A primera vista, parecía estar parado casualmente, pero su cuerpo seguía acelerándose. Miró fijamente la cara del enemigo. El contorno de su ardiente fuego, las huellas de polvo que flotaban en el cielo, todos se agarraban a sus sentidos.
Podía verlo todo. En este campo de batalla de la vida y la muerte, las vidas estaban continuamente parpadeando. Numerosas muertes rodearon a su alrededor. La abrumadora red de causalidad susurró de su muerte.
«Bueno.»
Era adecuado. Esta fue la cantidad justa de tensión. Crockta encontró los ojos del dios de la guerra. En ese momento, las dos hojas se golpearon.
«Bul’tarrrrrrrr──────!»
El grito de batalla de Crockta estaba lleno de fuerza física. La tierra tembló. Crockta manejó su gran espada en el dios de la guerra varias veces.
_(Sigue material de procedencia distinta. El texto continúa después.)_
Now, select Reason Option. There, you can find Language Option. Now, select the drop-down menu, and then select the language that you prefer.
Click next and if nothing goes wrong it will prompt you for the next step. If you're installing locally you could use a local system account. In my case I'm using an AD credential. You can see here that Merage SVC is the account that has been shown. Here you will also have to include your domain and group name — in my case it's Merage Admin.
O bien el escudo del dios de la guerra o su espada bloquearon el ataque de Crockta.
Kwaang! Kwaang! Kwaang!
Kwaang! Kwaang! Kwaaaang!
Se emitió un sonido fuerte con cada golpe. Cada vez que chocaban, el cuerpo del dios de la guerra temblaba como si hubiera un choque eléctrico corriendo por su cuerpo.
Kuaaaaang!
El escudo estaba distorsionado.
Kuaaaaang!
El dios de la guerra fue empujado hacia el suelo.
Kwaaaaaaaaaaaaaaang!
Sus pies fueron enterrados en el suelo.
«Basura orc──────!»
El dios de la guerra hizo girar su espada enojado; sin embargo, debido a la fuerza en la espada de Crockta, su reacción fue un golpe demasiado tarde, causando una brecha para aparecer. Crockta sonrió y dijo: «Quédate tranquilo.»
Entonces utilizó todas sus fuerzas y blandió de nuevo la gran espada.
Glosario de Términos Coreanos Comunes.
Elogie a los Orcos: Enlace del glosario.